Page 181 - Building Digital Libraries
P. 181

CHAPTER 7


                                                      While XSLT was designed as a stylesheet language for XML (much
                                                   like CSS was designed for HTML), XQuery was created as a full-featured
                                                   programming language and was designed for the search, retrieval, and
                                                   manipulation of large sets of XML data. Functionally, XSLT and XQuery
                                                   have a number of overlapping features. And this isn’t by accident. While the
                                                   XSLT and XQuery specifications are developed by different groups, they
                                                   are developed cooperatively and share oversight of many technologies like
                                                   XPath. This means that most operations that can be accomplished using one
                                                   processing technology can likely be accomplished using the other.
                                                      Given that XQuery and XSLT have many overlapping features, one
                                                   might assume that these technologies share a similar design, but in this, one
                                                   would be mistaken. XQuery is an expression-based language, and shares
                                                   many of the same design concepts with SQL. Its purpose is to provide a
                                                   query-based language that can process large XML datasets and databases,
                                                   overcoming one of the major weakness of the XSLT specification.
                                                      Within the context of digital libraries, however, XQuery has found only
                                                   limited use.
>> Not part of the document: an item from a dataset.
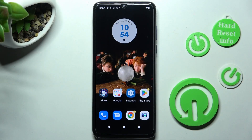Hi, in front of me is Motorola Moto GPR, and today I would like to show you how you can change font style on this device.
In surveying the most popular library metadata formats, none
                                                   currently provide XQuery-based processing documents. All transformations
                                                   are currently provided as an XSLT document using version 1.0 or 2.0 of
                                                   the specification. In fact, as of this writing, probably the most high-profile
                                                   use of XQuery within the digital library community was the use of XQuery
                                                   to demonstrate the conversion of legacy MARC data to BIBFRAME 1.0,
                                                   developed by the Library of Congress.  However, the XQuery approach was
                                                                                    7
                                                   abandoned in favor of XSLT when the Library of Congress released the 2.0
                                                   version of the BIBFRAME specification.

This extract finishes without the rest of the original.